W.O.W.’s inaugural artist line, our ritual and ceremony collection, centers on the theme of ritual and ceremony exploring questions: what rituals do we hold close and practice daily? How can ceramic vessels make these sacred?
Photo by Nate Brown
W.O.W. Artist Line’s creative director, Vivian Sangsukwirasathien, speaks about creating Wing on Wo’s Porcelain as Expression Zine and the process of developing the collection in this Q&A.
Can you speak more about the process of working with artisans in Jingdezhen?

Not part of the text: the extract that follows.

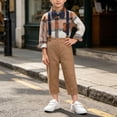 thumbnail image 7 of LvhaoGJOB Little Kids Kids 2-Piece Outfit Set - Multi-Pocket, 7 of 7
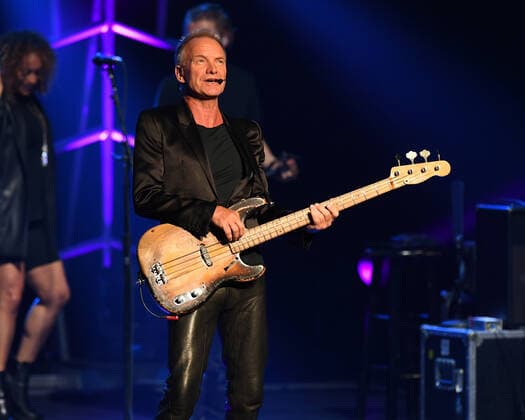 Sting Concert in Hollywood, Florida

The entire process was collaborative, bridging artists in New York with artisans in Jingdezhen. Tiffany Saw, the designer of the Togetherness Tray, attended a residency in Jingdezhen where she learned traditional carving techniques and adopted them into her own practice. Tiffany and the W.O.W. Creative Team narrowed in on particular motifs special to us and I worked with artisans in Jingdezhen to translate our artistic visions into reinterpretations of beloved, traditional prints while accounting for the technical and functional aspects of porcelain-making.

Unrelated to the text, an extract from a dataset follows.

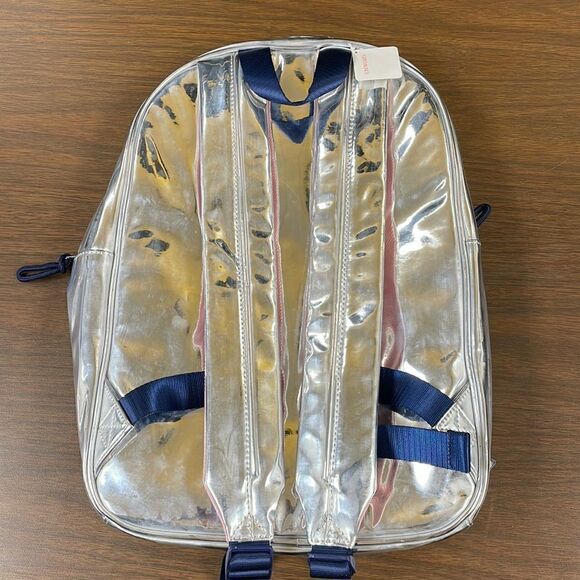 J. Crew Girls' backpack in metallic fabric* - Picture 4 of 5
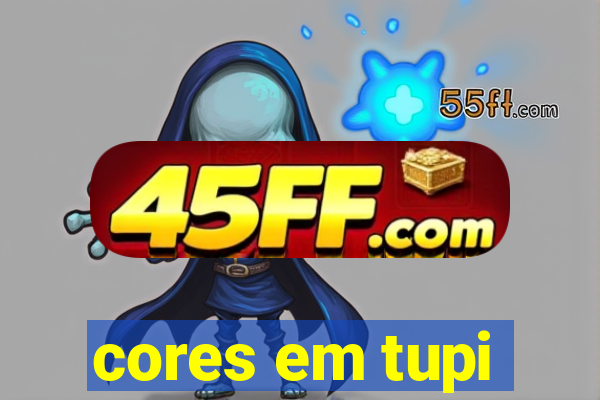 cores em tupi-guarani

Initial Sketches of the Togetherness Tray
What does it mean to reinterpret tradition through a diasporic lens in your practice?

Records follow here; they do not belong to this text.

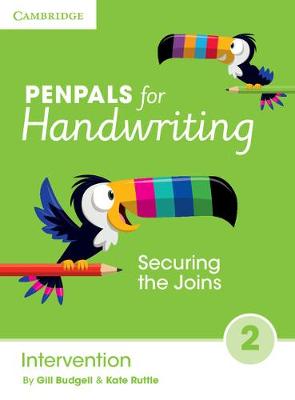 Cover of Penpals for Handwriting Intervention Book 2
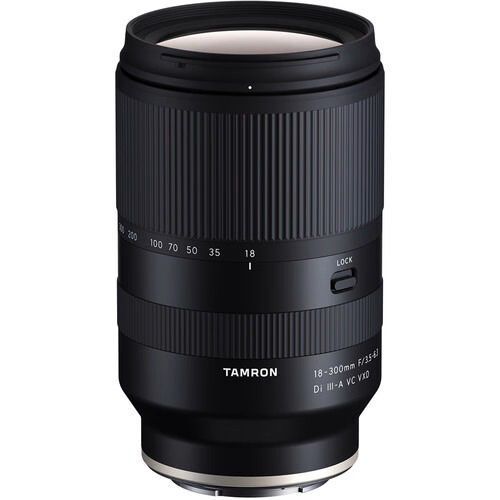 TAMRON 18-300MM F/3.5-6.3 DI III-A VC VXD LENS FOR SONY E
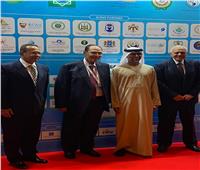 افتتاح معرض الملتقي العربي لتكنولوجيا المياه والطاقة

For this collection, we wanted to find a way to reclaim porcelain and its tradition by rooting in memories of life at home and childhood. Having worked at an auction house and with various galleries, it meant reflecting on traditional art historical views of porcelain and reconciling those views with my own personal experience of using and growing up with porcelain in a very casual way. In doing so, I hope that these pieces can feel more accessible in language and cultural history to relate and connect with those of the diaspora.
What was your inspiration for the motifs in the ritual and ceremony collection?
I wanted to include patterns based on motifs that are part of our childhoods and everyday life. We chose bok choy in particular because it is an everyday staple in Chinese culture and life; it’s commonly used in sculptures and I often see it being grown on apartment balconies or preserved and stored for the winter. I also think that bok choy is an integral pattern of W.O.W.’s collective history as a store and community space. I recall how bok choy is a beloved pattern by Mei’s grandmother when she sourced large dishes from Hong Kong and how Gary, Mei’s Dad, lured the lion dancers into the store using napa cabbage during Lunar New Year celebrations.
Bok Choy Sharing Bowl Set, Photos by Mischelle Moy
What do you see as the future of porcelain?
We envisioned the Porcelain as Expression zine as an offering-- an opportunity to rethink what porcelain practice would mean today and what it might look like for different artists. The zine offers a new way of interacting with porcelain and its history. I see this zine as a jumping-off point to view and interpret porcelain differently and inspire a rejuvenated way to transform and innovate different aspects of the porcelain-making process. This zine and collection were one of the most collaborative projects I’ve taken part in. The future of porcelain is definitely a collaborative one, and it has been such a great experience to build towards creating something greater than us!